§ **Task to complete**
Could you output each line below exactly as it appears, excluding any pictures?
─── Input data
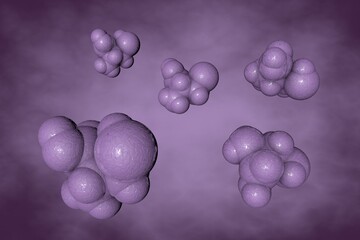 Molecular model of cysteine, a nonessential amino acid important for making protein in nails, skin and hair. Scientific background. 3d illustration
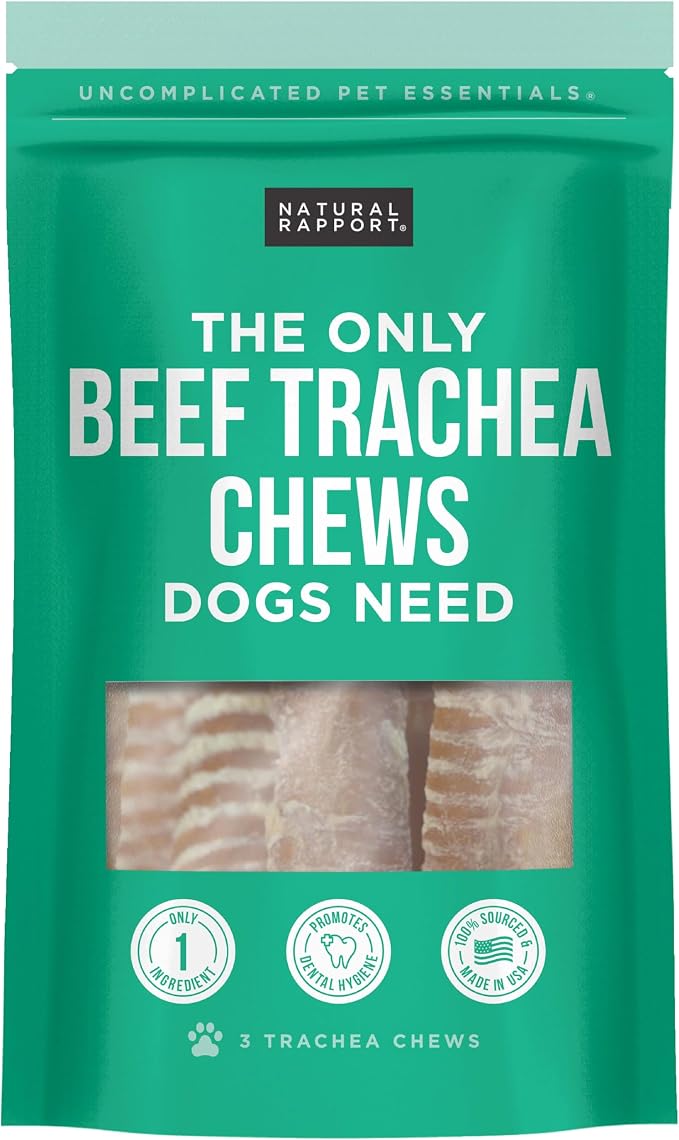 Natural Rapport Beef Trachea Dog Chews - Single Ingredient, High Protein, Natural Glucosamine for Joint Health (3 Count)
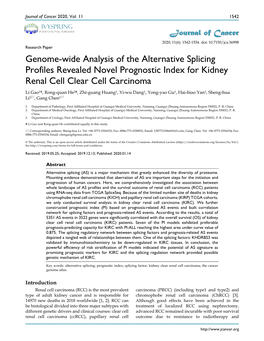 Genome-Wide Analysis of the Alternative Splicing Profiles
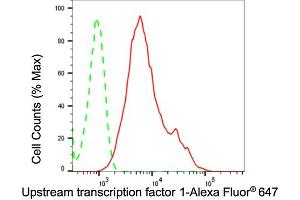 Flow cytometric analysis of Upstream transcription factor 1 expression in HepG2 cells using Upstream transcription factor 1 antibody (ABIN7800772), 1:2,000). (Rekombinanter USF1 Antikörper)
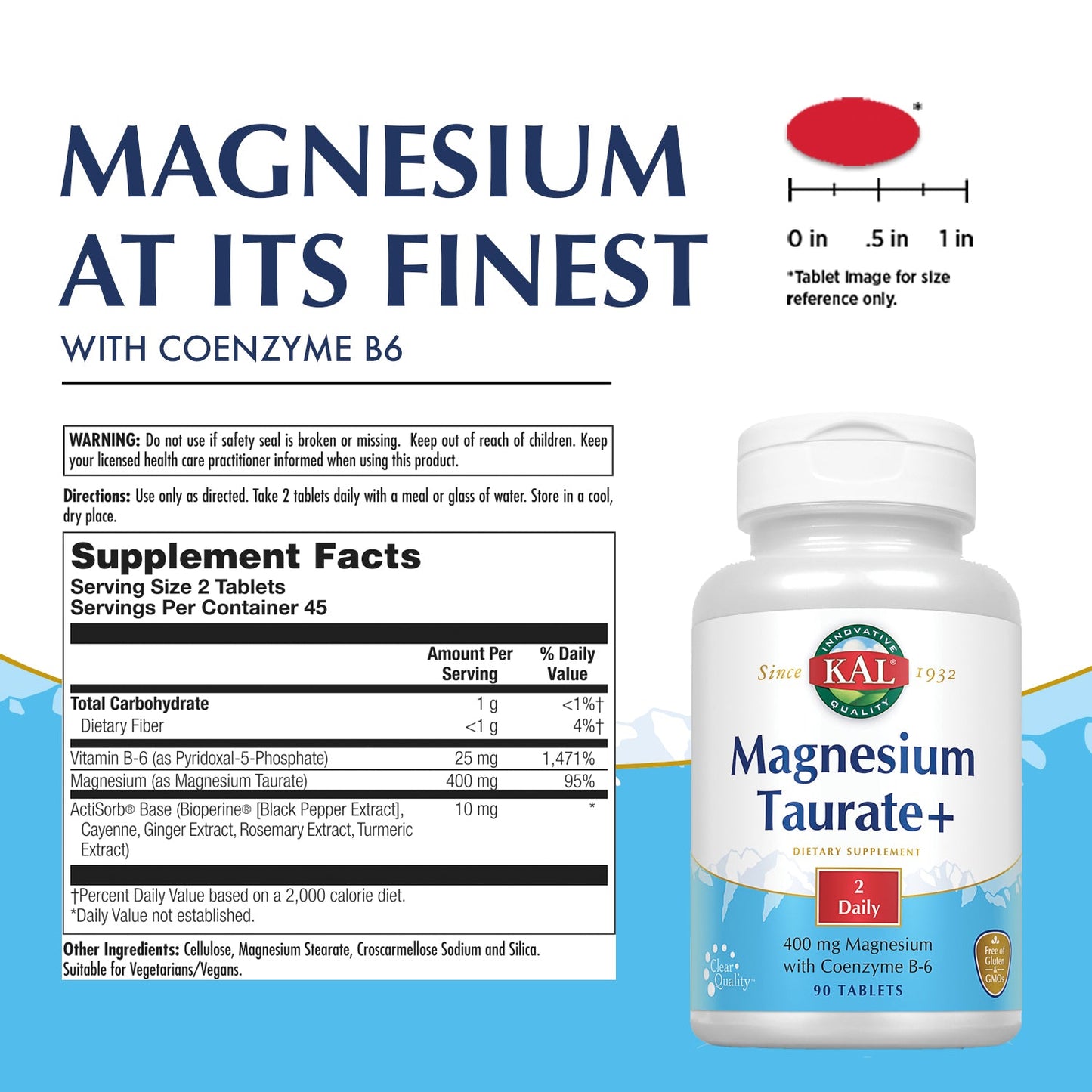 KAL Magnesium Taurate 400mg Plus CoEnzyme Vitamin B6, Chelated Magnesium Supplement, Healthy Muscle Function, Nerve and Heart Health Support, Gluten Free, Vegan, 60-Day Guarantee (90 CT, 2pk)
──────
§ **Response area**
 Molecular model of cysteine, a nonessential amino acid important for making protein in nails, skin and hair. Scientific background. 3d illustration
 Natural Rapport Beef Trachea Dog Chews - Single Ingredient, High Protein, Natural Glucosamine for Joint Health (3 Count)
 Genome-Wide Analysis of the Alternative Splicing Profiles
 Flow cytometric analysis of Upstream transcription factor 1 expression in HepG2 cells using Upstream transcription factor 1 antibody (ABIN7800772), 1:2,000). (Rekombinanter USF1 Antikörper)
 KAL Magnesium Taurate 400mg Plus CoEnzyme Vitamin B6, Chelated Magnesium Supplement, Healthy Muscle Function, Nerve and Heart Health Support, Gluten Free, Vegan, 60-Day Guarantee (90 CT, 2pk)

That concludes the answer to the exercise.